Never After - By Laurell K. Hamilton Page 0,2

swear by my maid, mother, and crone. May the moon take me, if I lie, and the lightning of God strike any who try to prevent me from this most solemn duty." She said the last looking directly at her father, and for the first time ever, the look of her dead grandmother was on her face, and in the set of her shoulders. Elinore the Younger had found her backbone at last.

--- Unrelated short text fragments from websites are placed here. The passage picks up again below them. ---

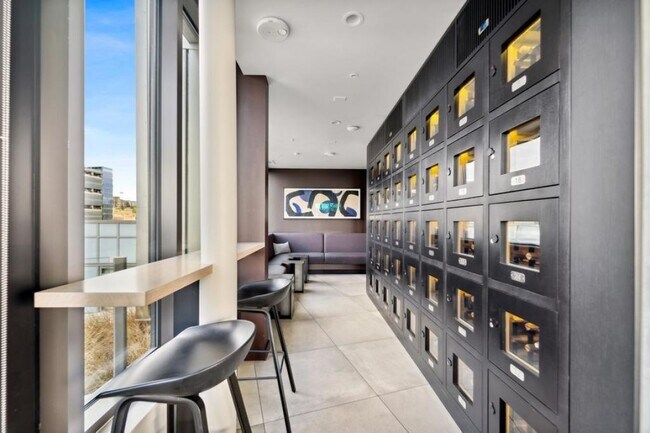 Building Photo - Gridiron - 2 bedrooms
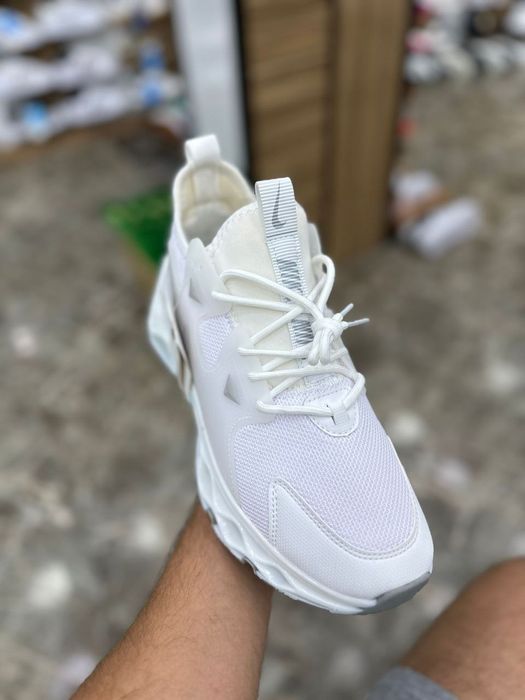 Modele noi pe stoc 40-44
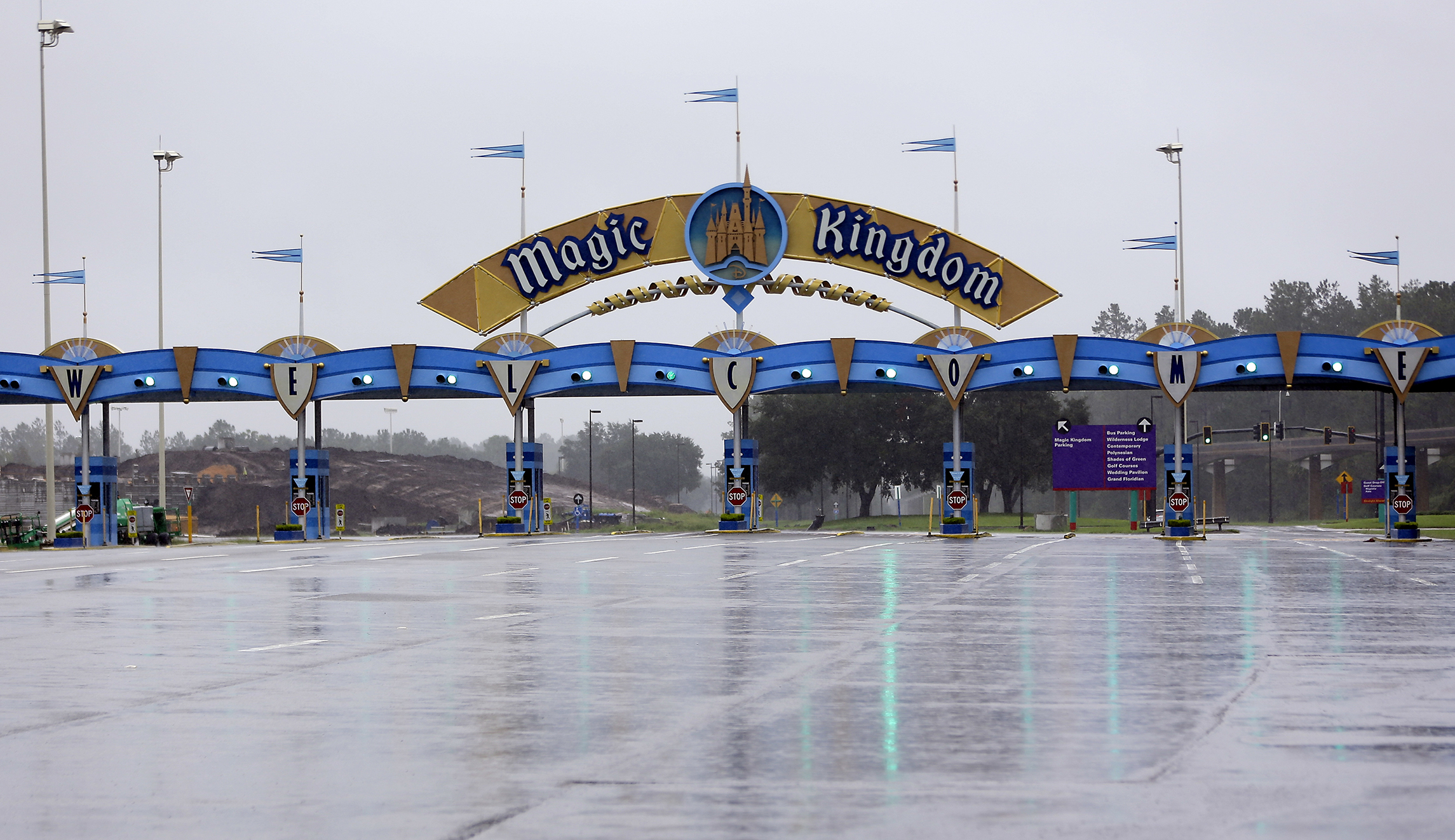 Walt Disney World dodges Irma direct hit, hopes to reopen Tuesday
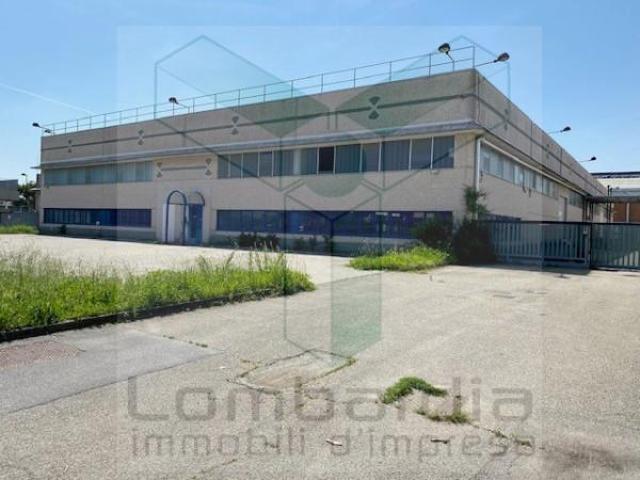 Capannone in affitto a Quartiere Morona, Trezzano Sul Naviglio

Elinore was not brave, but she was not stupid either. She turned from the banquet table and went for the door. She knew that if she did not go now, in front of all these witnesses, her father would stop her. He did not believe in the lightning of God striking the evil. If it did, or could, the earl would have died long ago. She would go now, tonight. It was high summer; the sun was still up, and would not set for hours. She would call for her horse, and she could be there by twilight, and be dead before dark. It was a plan, and it was the only plan she had, so she stuck to it. The trick about such plans is to keep moving, and not think too hard, because if she thought too hard, she might decide that life with the horrible earl would be preferable to death.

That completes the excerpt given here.